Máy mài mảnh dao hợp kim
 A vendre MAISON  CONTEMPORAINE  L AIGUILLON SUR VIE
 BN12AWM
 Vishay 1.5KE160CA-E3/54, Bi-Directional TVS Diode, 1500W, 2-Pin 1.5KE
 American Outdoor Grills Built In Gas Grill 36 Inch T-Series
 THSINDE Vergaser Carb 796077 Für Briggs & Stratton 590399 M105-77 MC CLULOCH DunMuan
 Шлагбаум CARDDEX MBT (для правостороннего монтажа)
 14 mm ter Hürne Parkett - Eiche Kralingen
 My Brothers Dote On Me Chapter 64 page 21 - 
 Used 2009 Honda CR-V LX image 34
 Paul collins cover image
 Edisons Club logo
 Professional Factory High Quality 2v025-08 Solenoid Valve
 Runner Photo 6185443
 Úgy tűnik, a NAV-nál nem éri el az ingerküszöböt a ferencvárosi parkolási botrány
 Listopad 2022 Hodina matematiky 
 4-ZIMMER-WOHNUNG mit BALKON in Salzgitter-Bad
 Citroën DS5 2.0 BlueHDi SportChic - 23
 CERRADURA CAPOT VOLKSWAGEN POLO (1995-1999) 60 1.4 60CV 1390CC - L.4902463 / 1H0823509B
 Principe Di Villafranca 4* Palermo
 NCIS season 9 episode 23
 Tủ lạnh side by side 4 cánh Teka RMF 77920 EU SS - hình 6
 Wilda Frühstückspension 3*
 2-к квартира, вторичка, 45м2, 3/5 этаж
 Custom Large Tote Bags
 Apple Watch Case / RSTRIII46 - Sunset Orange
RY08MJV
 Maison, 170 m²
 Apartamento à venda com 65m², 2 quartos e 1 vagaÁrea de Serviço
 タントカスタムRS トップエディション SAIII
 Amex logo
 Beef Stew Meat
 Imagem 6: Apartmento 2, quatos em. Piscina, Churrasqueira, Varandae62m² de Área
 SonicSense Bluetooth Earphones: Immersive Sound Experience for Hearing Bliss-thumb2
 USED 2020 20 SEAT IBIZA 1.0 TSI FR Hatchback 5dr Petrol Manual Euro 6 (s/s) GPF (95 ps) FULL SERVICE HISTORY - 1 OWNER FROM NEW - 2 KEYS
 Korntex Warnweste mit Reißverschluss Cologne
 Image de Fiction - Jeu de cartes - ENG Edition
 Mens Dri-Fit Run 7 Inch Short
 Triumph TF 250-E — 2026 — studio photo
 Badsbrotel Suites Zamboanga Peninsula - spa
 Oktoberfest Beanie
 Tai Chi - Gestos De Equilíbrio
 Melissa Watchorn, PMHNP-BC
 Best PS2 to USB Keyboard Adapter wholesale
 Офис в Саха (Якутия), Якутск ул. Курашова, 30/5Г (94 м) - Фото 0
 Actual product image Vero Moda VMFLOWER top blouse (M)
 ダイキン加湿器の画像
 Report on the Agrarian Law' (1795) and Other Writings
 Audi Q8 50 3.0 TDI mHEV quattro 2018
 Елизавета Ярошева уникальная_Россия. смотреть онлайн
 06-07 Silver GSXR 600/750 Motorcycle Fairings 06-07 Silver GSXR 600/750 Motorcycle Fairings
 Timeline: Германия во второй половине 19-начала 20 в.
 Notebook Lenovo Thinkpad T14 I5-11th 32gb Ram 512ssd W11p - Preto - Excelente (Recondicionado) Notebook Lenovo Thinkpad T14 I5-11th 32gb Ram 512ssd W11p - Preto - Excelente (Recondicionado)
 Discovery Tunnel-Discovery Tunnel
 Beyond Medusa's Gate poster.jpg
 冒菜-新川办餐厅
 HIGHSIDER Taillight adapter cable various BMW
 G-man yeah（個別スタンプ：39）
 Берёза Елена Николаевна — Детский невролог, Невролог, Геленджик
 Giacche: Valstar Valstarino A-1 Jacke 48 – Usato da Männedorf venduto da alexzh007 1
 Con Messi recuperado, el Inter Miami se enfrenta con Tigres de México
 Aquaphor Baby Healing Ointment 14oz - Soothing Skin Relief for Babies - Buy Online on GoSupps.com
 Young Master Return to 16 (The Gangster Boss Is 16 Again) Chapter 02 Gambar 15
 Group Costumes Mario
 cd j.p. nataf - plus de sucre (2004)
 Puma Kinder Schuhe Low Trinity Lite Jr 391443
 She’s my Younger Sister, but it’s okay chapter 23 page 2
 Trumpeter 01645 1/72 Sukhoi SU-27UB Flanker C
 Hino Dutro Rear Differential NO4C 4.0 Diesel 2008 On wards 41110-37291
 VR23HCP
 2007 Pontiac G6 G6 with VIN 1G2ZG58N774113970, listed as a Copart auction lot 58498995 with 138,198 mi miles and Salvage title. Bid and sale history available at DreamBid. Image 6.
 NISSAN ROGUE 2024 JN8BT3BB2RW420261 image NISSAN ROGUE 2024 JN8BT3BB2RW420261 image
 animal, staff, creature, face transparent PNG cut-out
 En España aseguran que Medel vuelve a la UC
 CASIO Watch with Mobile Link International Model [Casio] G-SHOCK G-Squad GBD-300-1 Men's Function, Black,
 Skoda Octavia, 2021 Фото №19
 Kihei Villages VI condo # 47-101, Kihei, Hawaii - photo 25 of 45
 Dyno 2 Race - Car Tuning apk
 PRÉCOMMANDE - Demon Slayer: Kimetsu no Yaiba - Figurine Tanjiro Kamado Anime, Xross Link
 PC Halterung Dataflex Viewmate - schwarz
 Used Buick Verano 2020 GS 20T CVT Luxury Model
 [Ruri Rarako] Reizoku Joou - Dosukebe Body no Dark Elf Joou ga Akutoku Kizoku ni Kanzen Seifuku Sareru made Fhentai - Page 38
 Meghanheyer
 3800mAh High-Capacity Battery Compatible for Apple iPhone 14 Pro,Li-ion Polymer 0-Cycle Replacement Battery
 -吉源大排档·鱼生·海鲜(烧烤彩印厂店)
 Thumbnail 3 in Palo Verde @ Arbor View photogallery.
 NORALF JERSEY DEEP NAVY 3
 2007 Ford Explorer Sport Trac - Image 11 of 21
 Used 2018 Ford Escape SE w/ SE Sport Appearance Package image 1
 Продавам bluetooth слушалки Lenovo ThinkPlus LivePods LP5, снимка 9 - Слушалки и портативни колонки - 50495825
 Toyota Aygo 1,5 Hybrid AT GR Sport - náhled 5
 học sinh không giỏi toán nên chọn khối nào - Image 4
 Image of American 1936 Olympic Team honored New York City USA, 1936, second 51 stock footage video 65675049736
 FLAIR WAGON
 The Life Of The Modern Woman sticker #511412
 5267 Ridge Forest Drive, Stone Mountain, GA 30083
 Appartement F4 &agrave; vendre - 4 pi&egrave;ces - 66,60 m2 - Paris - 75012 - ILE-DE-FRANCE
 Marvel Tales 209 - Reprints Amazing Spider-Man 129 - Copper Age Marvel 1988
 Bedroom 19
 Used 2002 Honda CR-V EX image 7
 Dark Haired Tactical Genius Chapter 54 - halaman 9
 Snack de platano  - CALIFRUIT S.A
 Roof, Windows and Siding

★ ★ ★ ★

(EXERCISE REQUIREMENTS)
The lines to copy run from the one containing "Snack de platano" through the last line above. Copy them exactly and include nothing else.

(EXPECTED ANSWER)
 Snack de platano  - CALIFRUIT S.A
 Roof, Windows and Siding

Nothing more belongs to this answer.